Jobs and CronJobs enable running batch workloads and scheduled tasks in Kubernetes. This guide covers Job specification with parallelism and completion semantics, CronJob scheduling, history management, suspension, and best practices for batch processing on your VPS and baremetal Kubernetes infrastructure.

Table of Contents

Jobs Fundamentals

What is a Job?

A Job creates one or more Pods and ensures they complete successfully.

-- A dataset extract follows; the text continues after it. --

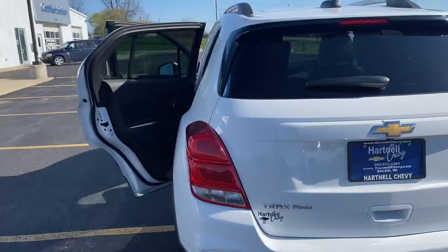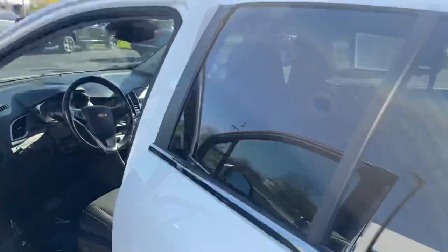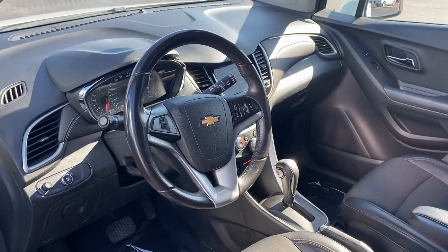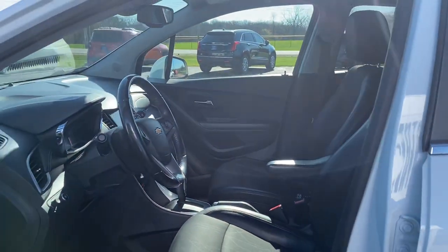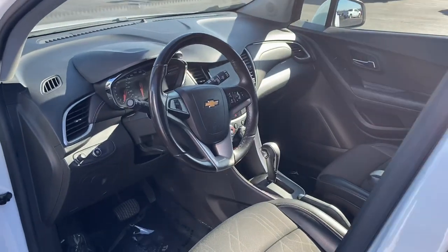Let's take a look at the inside really quick — very clean interior. It's got all the right options for you: power seat, remote start, push button start, Apple CarPlay, Android Auto, backup camera, outstanding fuel economy, and just 70,000 miles on it.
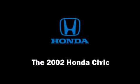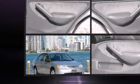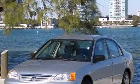Come test drive this 2002 Honda Civic. This four-door, five-passenger sedan just recently passed the 60,000 mile mark. It features an automatic transmission, front-wheel drive, and an efficient four-cylinder engine.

It tracks completion and retries on failure.

Job vs Other Controllers

FeatureJobDeploymentStatefulSet
PurposeBatch tasksLong-running appsStateful apps
CompletionCompletesRuns indefinitelyRuns indefinitely
RestartOn failureAlwaysAlways
StorageShared volumesPersistentPersistent

Job Lifecycle

Pending → Active → Succeeded/Failed → Complete

Job Configuration

Basic Job

apiVersion: batch/v1
kind: Job
metadata:
  name: simple-job
  namespace: batch
spec:
  template:
    spec:
      containers:
      - name: task
        image: busybox:1.35
        command: ["echo", "Hello from Job"]
      restartPolicy: Never
  backoffLimit: 3
  ttlSecondsAfterFinished: 3600

Create the job:

kubectl apply -f job.yaml
kubectl get jobs -n batch
kubectl describe job simple-job -n batch

Job Parameters

template: Pod template for job pods

backoffLimit: Max failed pod creation attempts (default: 6)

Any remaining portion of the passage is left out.